Наука страсти | Страница: 4

  • Georgia
  • Verdana
  • Tahoma
  • Symbol
  • Arial
16
px

Поэтому она с интересом следила, как разворачивается драка. Началась она как естественный результат игры в мокрые от эля карты. Эмили заметила игроков сразу же, едва уселась, преувеличенно покачиваясь, уперлась локтями в стол, потрогала бакенбарды, кожа под которыми мучительно чесалась, и, стараясь говорить как можно более низким голосом, потребовала бутылку кларета и вареного цыпленка. Они играли за столом в центре комнаты, ссутулившись и склонив головы так, словно боялись, как бы на них не обрушился ненадежный пожелтевший потолок, — трое или четверо широкоплечих мужчин в рабочих рубашках и домотканых куртках, небрежно брошенных на спинки стульев, и один юнец, еще совсем мальчишка.

Должно быть, ставки были высоки, потому что играли они напряженно. Напряжение буквально висело во влажном, пропитанном дымом воздухе. Один из мужчин, с усами, плавно перетекающими в густые бакенбарды, поерзал на стуле и внезапно испустил газы — так долго, так роскошно неторопливо, словно механический двигатель со своим ядовитым резонансом, что самый воздух благоговейно задрожал. Сидевшие за соседним столом посмотрели в его сторону, восхищенно подняв брови.

Но сотоварищи были настолько заняты игрой, что даже не поздравили его.

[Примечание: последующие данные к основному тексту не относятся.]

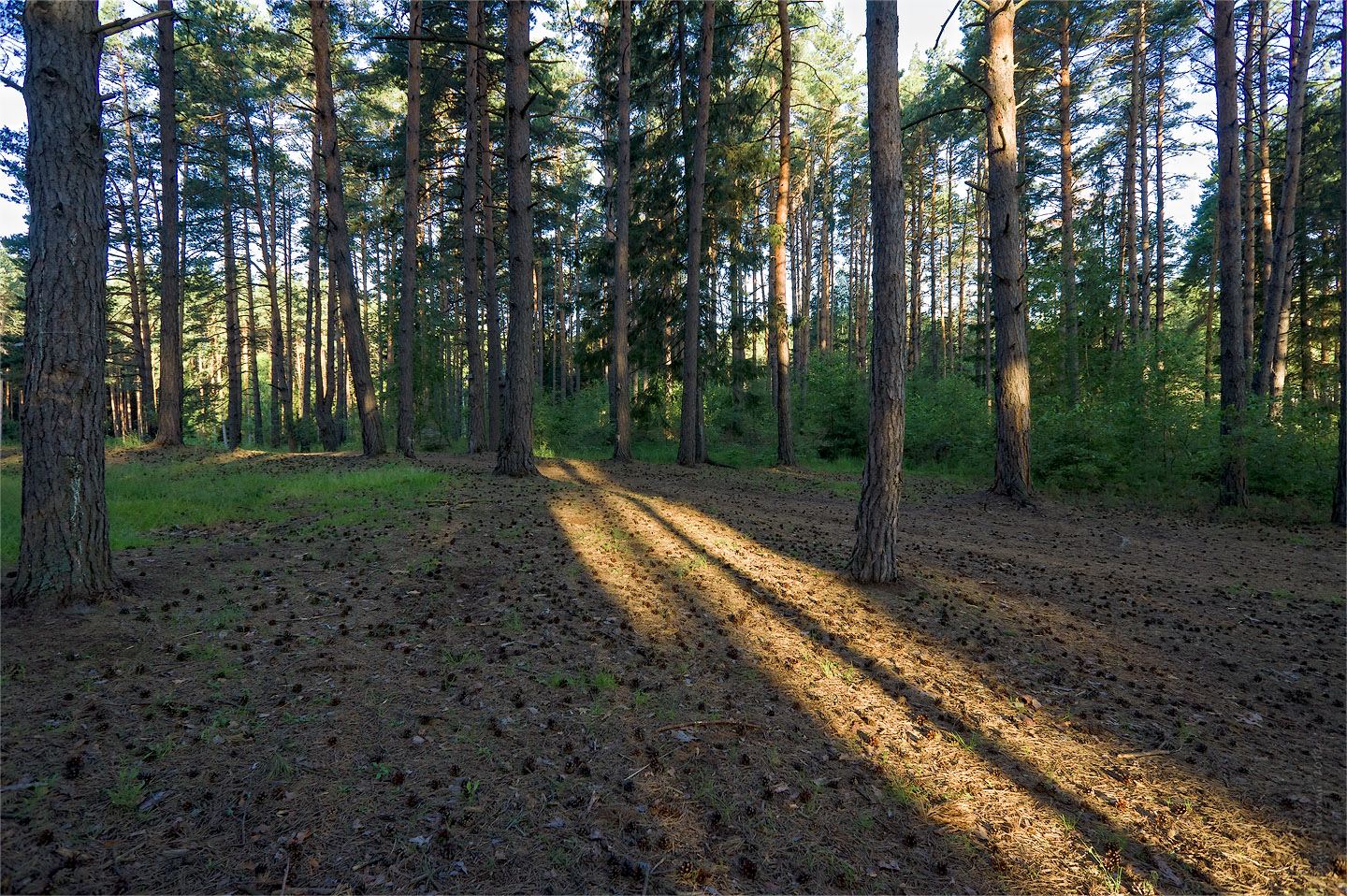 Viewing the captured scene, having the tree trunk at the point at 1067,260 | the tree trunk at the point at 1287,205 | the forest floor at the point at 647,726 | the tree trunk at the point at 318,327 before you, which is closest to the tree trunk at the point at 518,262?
the forest floor at the point at 647,726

В эту минуту Эмили извлекла томик Августина на латинском языке и демонстративно погрузилась в чтение. Как она сегодня обнаружила, пока ехала из Лондона, путешественники предпочитают избегать одиноких читателей и не стремятся вовлечь их в разговор, в особенности если в названии книги встречаются слова на иностранном языке. А меньше всего Эмили требовался любопытный попутчик — из тех, кто задает слишком много нахальных вопросов и замечает каждое твое движение. Святой Августин оказался надежным щитом, и за это она была ему благодарна. Но сейчас, поздно ночью, во время мучительного завершения долгой поездки в глубь Йоркшира, этого богом забытого дикого края с завывающими ветрами и замерзшими болотами, она не могла сосредоточиться, то и дело поглядывая поверх книги на соседний стол.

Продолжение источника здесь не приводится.